Тем временем глаза успели привыкнуть к темноте. И перед ними открылось чрево повозки.
Здесь все было по-другому – чужое и непривычное. Днище укрывал не густой мех оленьей шкуры, а толстая грубая ткань, неприятная на ощупь, слишком жесткая и царапающая. В каждом из углов стояло по сундуку – большому и громоздкому, несмотря на пестрые шкурки снежных крыс, покрывавшими их сверху.
Повозка казалась совсем пустой. И не потому что в ней не было ее обитательниц – девушек-невест чужого каравана, с которыми Мати предстояло несколько ближайших дней делить тепло. Этому-то как раз она была даже рада: ей дали время оглядеться, привыкнуть к вещам, принять которые, как известно, легче, чем людей. В повозке не было ничего, кроме сундуков, словно все – подушки, одеяла, одежда, – были спрятаны в них. Ничего, что несло бы отпечаток тепла рук. За исключением…
Приглядевшись, Мати заметила небольшую тряпичную куклу, наряженную горожанкой, в одном из дальних углов и зверька из меха – толи кошку, толи собачку, на таком расстоянии, да еще в тени было трудно понять – в другом. Если бы не это, могло бы вообще показаться, что в повозке никто не живет. А так выходило…
Мати вспомнила, что ей говорили хозяева каравана – ее спутницами станут две девушки.

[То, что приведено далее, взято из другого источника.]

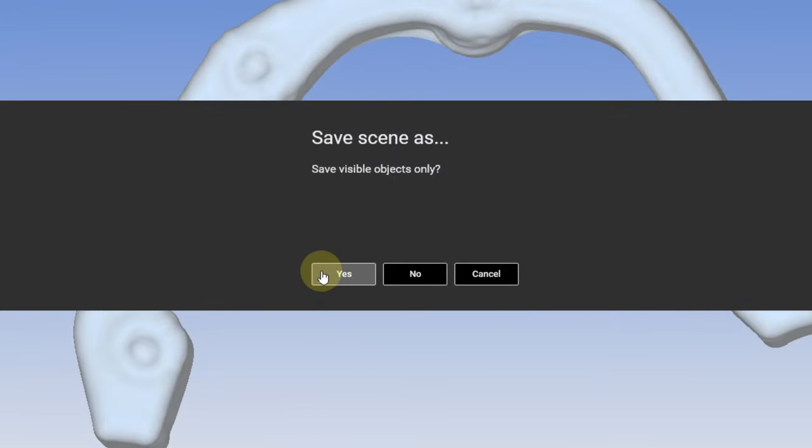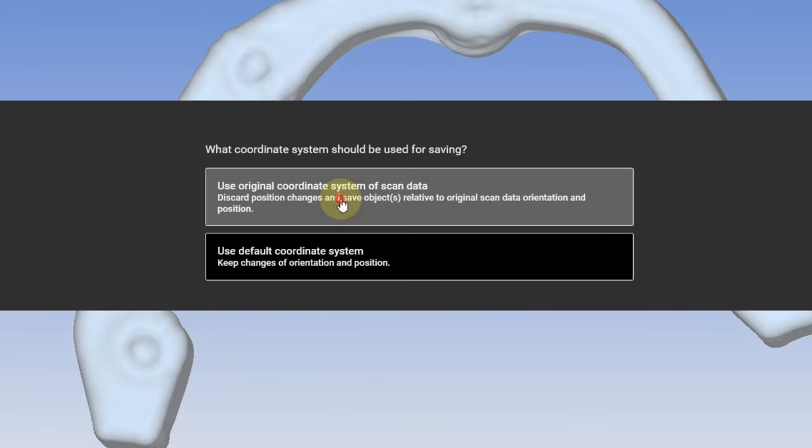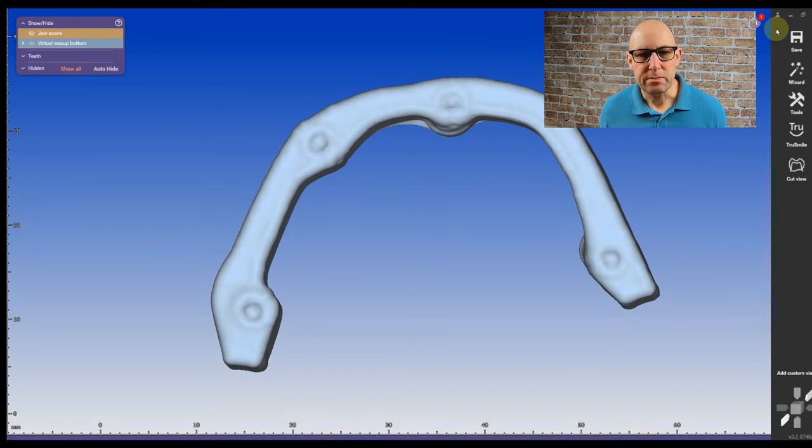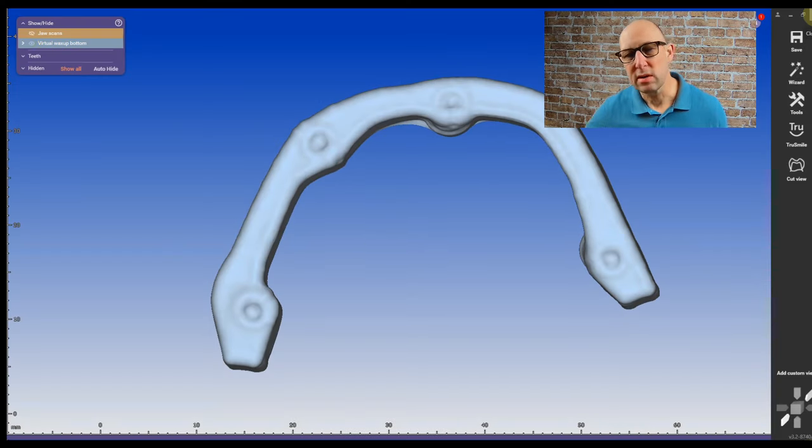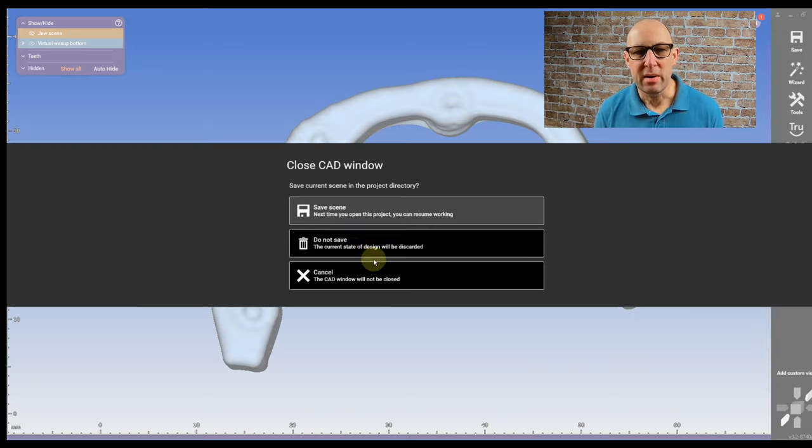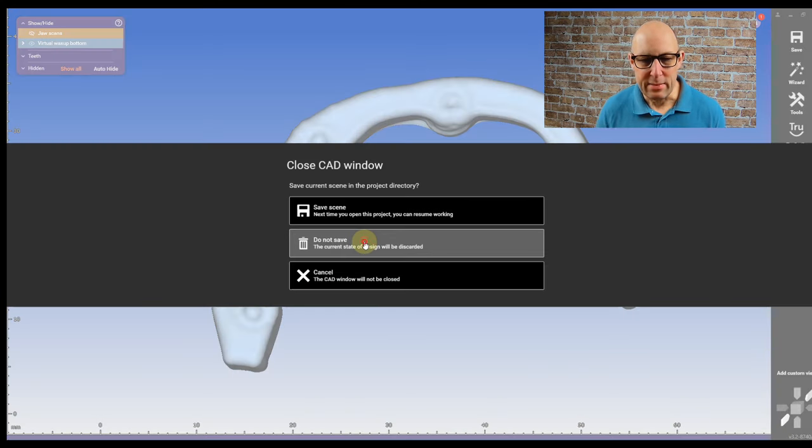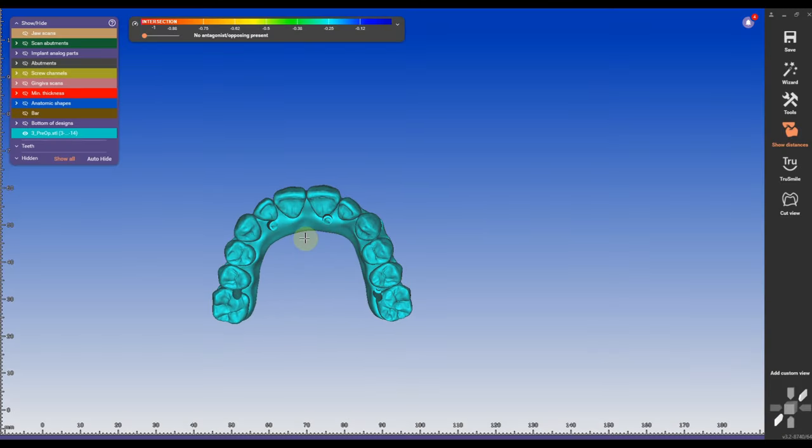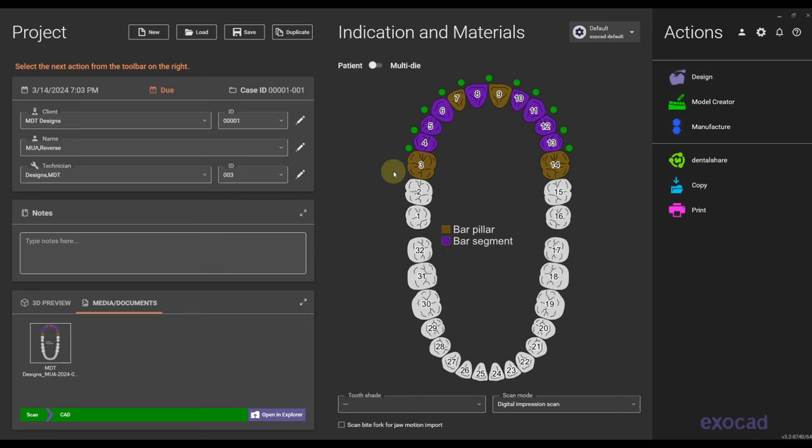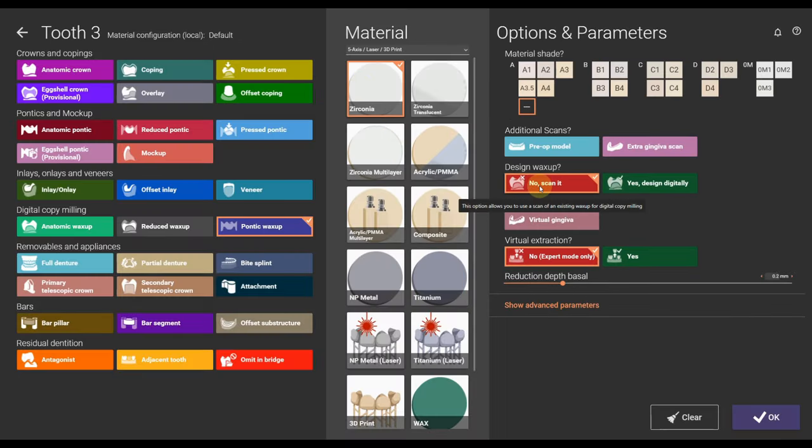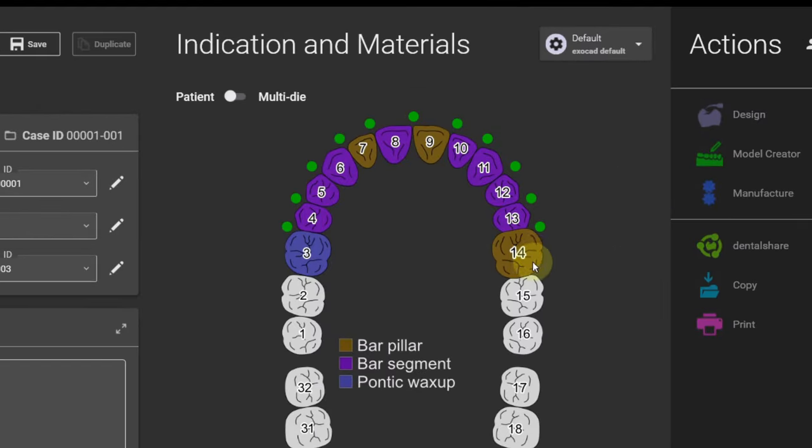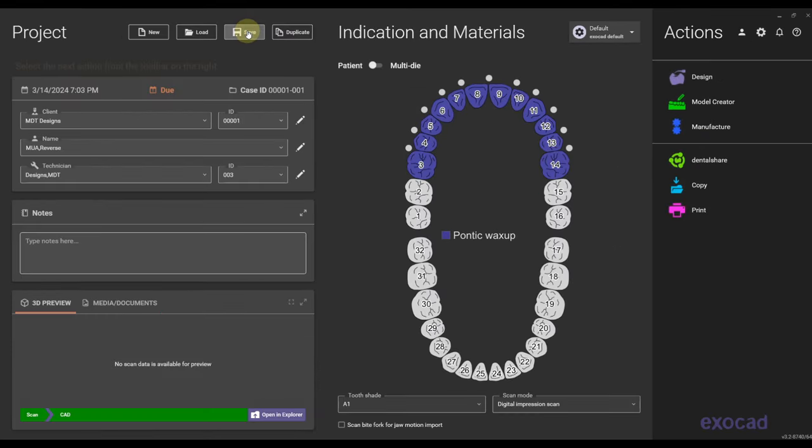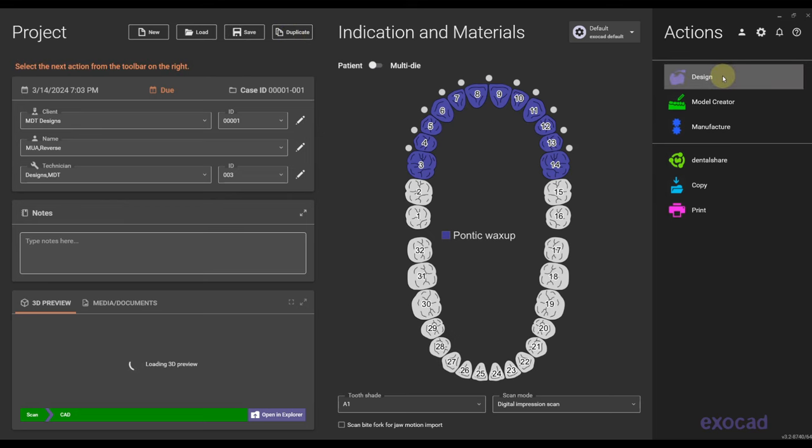Then I'm going to exit out. I don't need this anymore, I don't need this scene anymore so you don't have to save anything, you can keep it. Now I'm going to go into the same order form that I did before but I'm replacing all of this with pontic wax up. You can override it, you can create a new order form, completely up to you. I'm overriding it.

"Странно", – Мати привыкла к совсем другому отношению к своему жилищу. С тех пор, как она себя помнила, думая о доме, она представляла себе ворох каких-то вещей, больших и маленьких, нужных и бесполезных, порой аккуратно сложенных, но чаще – оставленных где попало, вещей, которые хранили уйму воспоминаний, и вообще создавали облик того неповторимого и единственного уголка мироздания, который смертный называет своим.
"Хотя, с другой стороны, если подумать, – девушка еще раз огляделась вокруг, потом тяжело вздохнула, – это ведь повозка невест, а к ней относятся не как к дому, а лишь временному пристанищу. И чем сильнее хочешь покинуть ее, тем меньше в ней обустраиваешься…" И, все же… Было в этой повозке еще что-то необычное. Но что?
Приглядевшись повнимательнее, она заметила толстые, но ровные нити, натянутые от одного бока повозки до другого, пересекались посредине так, что делили маленький внутренний мирок на четыре еще более крохотные части.